In Berkeley, Lenczowski was the founder and first chair of the Committee (later Center) of Middle Eastern Studies. Over the years, he served as vice chair and was among the nation's first major scholars of the modern Middle East. As an undergraduate teacher he was respected for his precision and openness; as graduate advisor of his department and mentor of graduate students he raised a generation of scholars who, in tribute, published the volume, Ideology and Power in the Middle East: Essays in Honor of George Lenczowski (1988). David P. Gardner, then University of California president, spoke in the book's foreword of Lenczowski's "contributions to a better understanding of the Middle East, and particularly a better understanding of its international relations, its revolutions, and the crucial role of oil." Between 1949 and his death, Lenczowski authored six books and monographs, co-authored and co-edited two others, and published nearly 100 scholarly articles on Middle Eastern politics. Lenczowski retired from Berkeley in 1985. His last book, American Presidents and the Middle East, was released in 1990.

==Beyond Berkeley==
George Lenczowski's scholarship is characterized by the accumulation of massive amounts of data, most of which he collected from personal encounters and field trips. He was aided by his fluency in Polish, English, French, German, Russian, Arabic, and Persian. He was a master interviewer and was able to develop unusual rapport with his subjects. "He knew mid-Eastern heads of state, he knew everyone," said Laurence Michalak, vice chairman of the Center for Middle Eastern Studies at Berkeley, "He was friendly with the royalty of Iran, Jordan and Saudi Arabia. He was a big, tall man with a Polish accent. He had a very courtly manner. He was very, very polished and very well liked." His reputation for objectivity made him welcome everywhere and earned him the respect of U.S. administrations of both political parties. He was a frequent visitor to the White House under both Democratic and Republican administrations.

Lenczowski was invited to serve on the governing boards of numerous learned societies and centers of research. He spoke or lectured at St Antony's College, Oxford, the Hebrew University of Jerusalem, the universities of Geneva, Tehran, and Toronto, the American University of Beirut, the Royal Institute of International Affairs (Chatham House), the National War College (Washington, D.C.), the Army War College (Pennsylvania), and Stanford University's Hoover Institution. Lenczowski's humanism inspired in him a love of the law, a belief in social justice, and hope for world peace.

==List of books==
George Lenczowski, Russia and the West in Iran (1949)

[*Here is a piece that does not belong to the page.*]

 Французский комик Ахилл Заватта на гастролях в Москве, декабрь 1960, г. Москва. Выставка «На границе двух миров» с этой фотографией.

George Lenczowski, The Middle East in World Affairs (1952)

George Lenczowski, Oil And State In The Middle East (1960)

George Lenczowski, Ed., The Political Awakening In The Middle East (1970)

George Lenczowski, Political Elites in the Middle East (United States Interests in the Middle East) (Jul 1975)

George Lenczowski, Iran Under the Pahlavis (Hoover Institution publication) (Dec 1978)

George Lenczowski. American Presidents and the Middle East. Duke University Press, 1990. ISBN 0-8223-0972-6.